Has God Only One Blessing?


Paula Mary Turnbull, Synagoga and Ecclesia, copper, by 2000

1. The Medieval Pair

ECCLESIA ET SYNAGOGA, the name given to the symbolic representations in Christian art of the Middle Ages of the victorious Church and defeated Synagogue, symbolizing the triumph of Christianity. The representation is often found in medieval Christian manuscript art. It also became a conventional decoration in many medieval churches, especially in France, England, and Germany, and took the form of two graceful female figures, usually on the outside of the building. The Church is shown erect and triumphant, bearing a cross; the Synagogue is usually blindfolded and dejected, bearing a broken staff and sometimes decorated with the Tables of the Ten Commandments symbolizing the Old Testament. The best known statues of this type are on the exterior of the cathedrals of Strasbourg and Bamberg. They are also found in Rheims, Paris, and Bordeaux. In England, they figure, generally in a mutilated condition, in Rochester, Lincoln, Salisbury, and Winchester.[1]

Crucifixion with Ecclesia et Synagoga
Notre-Dame des Douleurs, Marienthal, Alsace

The representation of the blindfolded synagogue was paradoxically reflected even in Jewish manuscript art: as for example in the miniature of the blindfolded Torah with her spouse, the People of Israel, in a 14th-century manuscript prayer book (Hamburg, Cod. Lev. 37; possibly having a symbolic meaning, representing the Torah and the People of Israel).[1]

2. The Twenty-First-Century Pair

Has God Only One Blessing?

"Having at last realized that God has more than one blessing, we must widen the stakes of our tent in bold yet careful ways" —Mary C. Boys (p. 10).

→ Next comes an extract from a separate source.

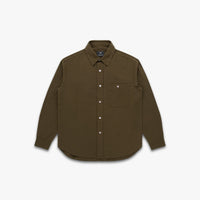 Knickerbocker - Jones Cotton & Linen Shirt - Olive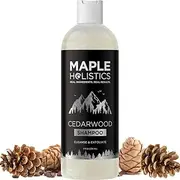 [Maple Holistics] Anti-Dandruff Shampoo With Cedarwood Essential Oil - Stop Hair Loss + Promote Hair Growth -Treat Psoriasis Flakes + Scales - Make Hair Soft + Increase Volume - Healthy Scalp Treatment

In medieval art and architecture, Ecclesia and Synagoga were the symbolic representations of the Christian and Jewish faiths, portrayed by two female figures. Ecclesia, representing the Christian church, was proud and triumphant, with crowned head held high and bearing the cross. By contrast, Synagoga, representing Judaism, was shown downcast and forlorn in her defeat, bearing broken tablets and blindfolded—illustrating her blindness to the "truth" of the New Testament. Many European cathedrals bear the statues of Ecclesia and Synagoga, and they are depicted in stained glass as well.

Mary C. Boys, author of Has God Only One Blessing? Judaism as a Source of Christian Self-Understanding (New York and Mahwah, New Jersey: Paulist Press/Stimulus Books, 2000), found this representation troubling. She commissioned a new artwork to accompany her book. The new Ecclesia and Synagoga also appears on the cover of Friends on the Way: Jesuits Encounter Contemporary Judaism, ed. Thomas Michel, S.J. (Fordham UP, 2007).[2] This interpretation by sculptor Paula Mary Turnbull, S.N.J.M., offers "a new depiction of Ecclesia and Synagoga, where both stand tall as representations of their faith communities."[3]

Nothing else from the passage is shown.